Exercise input →
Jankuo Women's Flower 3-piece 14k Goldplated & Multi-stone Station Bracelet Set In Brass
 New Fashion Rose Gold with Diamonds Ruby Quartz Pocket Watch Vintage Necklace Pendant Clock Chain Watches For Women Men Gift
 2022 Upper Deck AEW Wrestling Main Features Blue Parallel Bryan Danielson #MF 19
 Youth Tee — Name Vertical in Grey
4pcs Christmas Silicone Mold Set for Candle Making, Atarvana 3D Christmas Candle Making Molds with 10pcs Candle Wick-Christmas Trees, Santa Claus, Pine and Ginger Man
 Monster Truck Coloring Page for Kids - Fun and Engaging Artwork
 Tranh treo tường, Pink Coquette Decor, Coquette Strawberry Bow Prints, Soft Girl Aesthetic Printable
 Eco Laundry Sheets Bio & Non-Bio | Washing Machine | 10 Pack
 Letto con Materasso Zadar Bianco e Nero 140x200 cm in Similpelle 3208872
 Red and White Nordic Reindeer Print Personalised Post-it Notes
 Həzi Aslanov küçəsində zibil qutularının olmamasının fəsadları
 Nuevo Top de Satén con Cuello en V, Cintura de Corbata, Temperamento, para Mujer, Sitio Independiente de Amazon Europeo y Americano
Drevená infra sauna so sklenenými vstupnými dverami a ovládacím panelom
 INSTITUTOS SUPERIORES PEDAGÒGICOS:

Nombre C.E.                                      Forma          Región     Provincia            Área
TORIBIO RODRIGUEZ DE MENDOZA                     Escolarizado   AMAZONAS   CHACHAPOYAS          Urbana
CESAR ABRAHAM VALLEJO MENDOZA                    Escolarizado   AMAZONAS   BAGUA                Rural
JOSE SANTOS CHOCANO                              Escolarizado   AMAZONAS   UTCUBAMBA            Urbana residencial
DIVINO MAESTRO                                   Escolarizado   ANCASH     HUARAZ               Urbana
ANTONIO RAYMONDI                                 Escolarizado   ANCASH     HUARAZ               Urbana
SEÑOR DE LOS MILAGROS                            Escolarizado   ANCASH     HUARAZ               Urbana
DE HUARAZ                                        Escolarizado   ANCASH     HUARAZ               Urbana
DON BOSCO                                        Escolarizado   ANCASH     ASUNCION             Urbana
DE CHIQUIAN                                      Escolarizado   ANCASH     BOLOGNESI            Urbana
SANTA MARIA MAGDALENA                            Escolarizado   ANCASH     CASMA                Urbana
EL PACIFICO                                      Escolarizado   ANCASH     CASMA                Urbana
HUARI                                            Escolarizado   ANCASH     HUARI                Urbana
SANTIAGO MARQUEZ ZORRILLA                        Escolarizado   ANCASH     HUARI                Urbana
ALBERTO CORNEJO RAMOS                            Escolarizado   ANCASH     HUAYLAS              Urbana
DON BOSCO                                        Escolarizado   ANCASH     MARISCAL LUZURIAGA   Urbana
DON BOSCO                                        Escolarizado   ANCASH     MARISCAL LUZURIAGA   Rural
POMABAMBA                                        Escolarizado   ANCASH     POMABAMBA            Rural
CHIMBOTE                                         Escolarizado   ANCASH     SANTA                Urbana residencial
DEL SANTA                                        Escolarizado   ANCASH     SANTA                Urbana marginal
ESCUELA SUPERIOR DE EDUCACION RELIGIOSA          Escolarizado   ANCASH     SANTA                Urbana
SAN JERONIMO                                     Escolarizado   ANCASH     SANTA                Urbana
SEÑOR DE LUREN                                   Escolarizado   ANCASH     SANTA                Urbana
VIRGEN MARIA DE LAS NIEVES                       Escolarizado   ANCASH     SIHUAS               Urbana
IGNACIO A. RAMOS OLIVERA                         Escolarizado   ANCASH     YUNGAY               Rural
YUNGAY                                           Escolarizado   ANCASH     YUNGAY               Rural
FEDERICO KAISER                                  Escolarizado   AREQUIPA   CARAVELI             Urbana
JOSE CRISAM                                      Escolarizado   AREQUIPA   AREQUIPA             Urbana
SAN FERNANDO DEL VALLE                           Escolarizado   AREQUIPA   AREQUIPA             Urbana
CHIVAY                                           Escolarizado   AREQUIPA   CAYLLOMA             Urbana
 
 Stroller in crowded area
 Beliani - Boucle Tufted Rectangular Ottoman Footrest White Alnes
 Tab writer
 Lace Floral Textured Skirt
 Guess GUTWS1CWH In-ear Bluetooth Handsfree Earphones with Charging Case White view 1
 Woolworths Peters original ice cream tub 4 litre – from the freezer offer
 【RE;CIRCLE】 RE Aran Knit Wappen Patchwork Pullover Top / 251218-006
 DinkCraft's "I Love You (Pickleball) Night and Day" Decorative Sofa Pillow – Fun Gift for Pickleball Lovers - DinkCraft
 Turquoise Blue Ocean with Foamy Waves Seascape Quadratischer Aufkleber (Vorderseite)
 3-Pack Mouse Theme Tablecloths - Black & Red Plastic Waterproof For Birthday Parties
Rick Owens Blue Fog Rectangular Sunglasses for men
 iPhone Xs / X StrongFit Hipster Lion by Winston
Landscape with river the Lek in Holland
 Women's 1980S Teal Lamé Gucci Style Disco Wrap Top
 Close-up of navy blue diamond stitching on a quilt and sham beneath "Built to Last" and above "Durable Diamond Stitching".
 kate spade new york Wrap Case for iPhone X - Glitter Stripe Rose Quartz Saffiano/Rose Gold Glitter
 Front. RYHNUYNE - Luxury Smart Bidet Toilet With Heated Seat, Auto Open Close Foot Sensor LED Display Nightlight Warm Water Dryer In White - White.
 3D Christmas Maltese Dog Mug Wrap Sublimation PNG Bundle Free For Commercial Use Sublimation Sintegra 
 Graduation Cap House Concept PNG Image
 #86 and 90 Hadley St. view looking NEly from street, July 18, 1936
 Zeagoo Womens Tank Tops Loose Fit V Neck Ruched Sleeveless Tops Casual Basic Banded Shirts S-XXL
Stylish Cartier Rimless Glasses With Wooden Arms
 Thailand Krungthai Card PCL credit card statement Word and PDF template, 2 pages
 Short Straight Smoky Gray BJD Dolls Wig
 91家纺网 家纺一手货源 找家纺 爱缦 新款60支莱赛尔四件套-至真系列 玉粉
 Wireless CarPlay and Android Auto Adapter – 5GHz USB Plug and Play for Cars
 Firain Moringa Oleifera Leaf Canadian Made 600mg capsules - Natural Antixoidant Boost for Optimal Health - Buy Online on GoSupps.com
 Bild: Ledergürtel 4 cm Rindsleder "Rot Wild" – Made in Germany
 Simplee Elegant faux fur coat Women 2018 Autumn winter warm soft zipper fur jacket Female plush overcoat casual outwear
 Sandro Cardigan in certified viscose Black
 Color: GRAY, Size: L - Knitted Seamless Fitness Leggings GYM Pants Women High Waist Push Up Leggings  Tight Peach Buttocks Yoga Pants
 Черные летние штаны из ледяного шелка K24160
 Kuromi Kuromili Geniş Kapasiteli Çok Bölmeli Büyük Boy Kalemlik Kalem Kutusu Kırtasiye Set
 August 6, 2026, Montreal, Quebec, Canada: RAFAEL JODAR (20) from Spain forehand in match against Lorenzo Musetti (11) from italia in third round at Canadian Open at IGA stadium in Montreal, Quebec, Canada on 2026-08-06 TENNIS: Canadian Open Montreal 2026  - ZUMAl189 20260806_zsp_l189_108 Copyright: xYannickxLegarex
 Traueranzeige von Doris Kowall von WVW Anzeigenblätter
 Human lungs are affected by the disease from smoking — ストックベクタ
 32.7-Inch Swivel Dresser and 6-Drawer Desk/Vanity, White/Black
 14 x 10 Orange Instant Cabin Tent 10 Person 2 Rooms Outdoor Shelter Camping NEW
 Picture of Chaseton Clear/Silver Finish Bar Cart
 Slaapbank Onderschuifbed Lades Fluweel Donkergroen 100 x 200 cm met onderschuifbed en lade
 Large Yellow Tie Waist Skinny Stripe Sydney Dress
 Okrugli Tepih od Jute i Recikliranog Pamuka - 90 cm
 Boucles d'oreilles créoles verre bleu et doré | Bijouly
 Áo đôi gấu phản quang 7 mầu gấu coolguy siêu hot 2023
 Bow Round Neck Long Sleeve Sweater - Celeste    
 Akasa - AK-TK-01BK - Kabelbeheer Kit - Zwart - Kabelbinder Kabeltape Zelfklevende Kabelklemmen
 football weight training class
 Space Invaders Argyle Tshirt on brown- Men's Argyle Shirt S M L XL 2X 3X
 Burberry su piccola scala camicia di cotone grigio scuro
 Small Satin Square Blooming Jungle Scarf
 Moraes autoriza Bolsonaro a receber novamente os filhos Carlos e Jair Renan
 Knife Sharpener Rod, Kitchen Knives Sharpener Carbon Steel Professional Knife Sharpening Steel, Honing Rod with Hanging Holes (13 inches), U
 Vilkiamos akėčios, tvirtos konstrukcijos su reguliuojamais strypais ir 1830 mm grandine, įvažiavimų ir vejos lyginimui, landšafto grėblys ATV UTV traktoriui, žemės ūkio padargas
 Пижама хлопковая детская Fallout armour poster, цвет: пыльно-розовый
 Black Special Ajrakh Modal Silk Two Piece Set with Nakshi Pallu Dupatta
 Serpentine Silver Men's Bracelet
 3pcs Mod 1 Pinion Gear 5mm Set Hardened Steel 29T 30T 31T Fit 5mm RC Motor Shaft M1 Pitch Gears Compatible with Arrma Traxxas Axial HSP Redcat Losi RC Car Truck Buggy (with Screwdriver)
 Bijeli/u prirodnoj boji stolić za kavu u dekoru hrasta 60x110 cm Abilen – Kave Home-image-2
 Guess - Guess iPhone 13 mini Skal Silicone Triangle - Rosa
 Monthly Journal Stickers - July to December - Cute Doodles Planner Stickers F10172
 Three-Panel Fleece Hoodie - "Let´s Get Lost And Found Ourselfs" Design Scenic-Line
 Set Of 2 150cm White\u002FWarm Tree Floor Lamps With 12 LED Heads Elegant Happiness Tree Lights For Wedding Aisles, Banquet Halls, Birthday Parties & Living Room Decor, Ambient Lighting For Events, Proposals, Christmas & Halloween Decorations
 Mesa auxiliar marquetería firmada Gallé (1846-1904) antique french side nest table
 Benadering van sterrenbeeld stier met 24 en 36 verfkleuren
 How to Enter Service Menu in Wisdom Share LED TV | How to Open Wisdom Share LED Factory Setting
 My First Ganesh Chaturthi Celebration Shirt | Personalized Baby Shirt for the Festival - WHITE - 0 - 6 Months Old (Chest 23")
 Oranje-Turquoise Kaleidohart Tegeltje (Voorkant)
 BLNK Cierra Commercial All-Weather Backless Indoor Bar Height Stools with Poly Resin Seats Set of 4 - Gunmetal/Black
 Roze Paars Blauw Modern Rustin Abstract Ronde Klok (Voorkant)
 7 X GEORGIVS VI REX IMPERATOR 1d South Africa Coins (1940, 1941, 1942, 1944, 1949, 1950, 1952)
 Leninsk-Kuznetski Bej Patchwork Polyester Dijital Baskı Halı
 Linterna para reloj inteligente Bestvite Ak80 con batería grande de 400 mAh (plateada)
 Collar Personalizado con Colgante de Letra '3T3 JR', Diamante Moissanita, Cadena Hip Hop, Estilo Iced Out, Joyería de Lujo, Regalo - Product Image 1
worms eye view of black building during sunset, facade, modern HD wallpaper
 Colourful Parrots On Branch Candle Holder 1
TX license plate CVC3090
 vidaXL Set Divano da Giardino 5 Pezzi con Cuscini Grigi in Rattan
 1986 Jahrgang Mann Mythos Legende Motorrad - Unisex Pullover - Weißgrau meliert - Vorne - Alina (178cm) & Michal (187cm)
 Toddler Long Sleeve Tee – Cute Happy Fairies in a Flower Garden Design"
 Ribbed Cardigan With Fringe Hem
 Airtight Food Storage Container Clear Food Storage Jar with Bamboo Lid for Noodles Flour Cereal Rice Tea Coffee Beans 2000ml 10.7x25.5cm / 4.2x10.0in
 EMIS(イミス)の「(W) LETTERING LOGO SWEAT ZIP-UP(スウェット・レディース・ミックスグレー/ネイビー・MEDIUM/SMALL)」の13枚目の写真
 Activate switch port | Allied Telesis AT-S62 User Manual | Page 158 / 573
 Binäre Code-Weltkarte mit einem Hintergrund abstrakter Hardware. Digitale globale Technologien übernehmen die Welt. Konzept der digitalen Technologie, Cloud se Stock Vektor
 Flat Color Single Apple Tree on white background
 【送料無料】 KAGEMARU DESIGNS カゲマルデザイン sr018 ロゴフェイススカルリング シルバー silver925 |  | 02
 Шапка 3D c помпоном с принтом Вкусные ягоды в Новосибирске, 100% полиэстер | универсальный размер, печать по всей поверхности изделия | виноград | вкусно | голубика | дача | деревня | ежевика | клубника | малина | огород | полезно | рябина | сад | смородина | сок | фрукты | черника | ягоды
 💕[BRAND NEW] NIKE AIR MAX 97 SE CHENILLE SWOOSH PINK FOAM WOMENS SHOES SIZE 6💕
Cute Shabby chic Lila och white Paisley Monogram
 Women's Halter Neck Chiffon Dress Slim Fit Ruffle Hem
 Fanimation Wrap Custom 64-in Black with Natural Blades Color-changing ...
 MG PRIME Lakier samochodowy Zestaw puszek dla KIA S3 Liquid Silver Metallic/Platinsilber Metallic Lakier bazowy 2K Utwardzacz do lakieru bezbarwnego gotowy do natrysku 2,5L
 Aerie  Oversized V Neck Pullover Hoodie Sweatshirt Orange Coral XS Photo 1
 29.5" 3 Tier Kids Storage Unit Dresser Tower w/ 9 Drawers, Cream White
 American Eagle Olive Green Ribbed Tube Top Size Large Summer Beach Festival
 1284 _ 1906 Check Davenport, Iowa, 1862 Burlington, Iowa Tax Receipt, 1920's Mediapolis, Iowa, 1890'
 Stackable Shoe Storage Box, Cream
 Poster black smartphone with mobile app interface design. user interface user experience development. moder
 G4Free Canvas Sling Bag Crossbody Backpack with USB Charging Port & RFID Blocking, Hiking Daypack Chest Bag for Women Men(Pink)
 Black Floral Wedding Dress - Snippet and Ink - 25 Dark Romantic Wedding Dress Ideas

Try it → Each line holding the word "Steel" must be copied from the data.

Answer →
 Knife Sharpener Rod, Kitchen Knives Sharpener Carbon Steel Professional Knife Sharpening Steel, Honing Rod with Hanging Holes (13 inches), U
 3pcs Mod 1 Pinion Gear 5mm Set Hardened Steel 29T 30T 31T Fit 5mm RC Motor Shaft M1 Pitch Gears Compatible with Arrma Traxxas Axial HSP Redcat Losi RC Car Truck Buggy (with Screwdriver)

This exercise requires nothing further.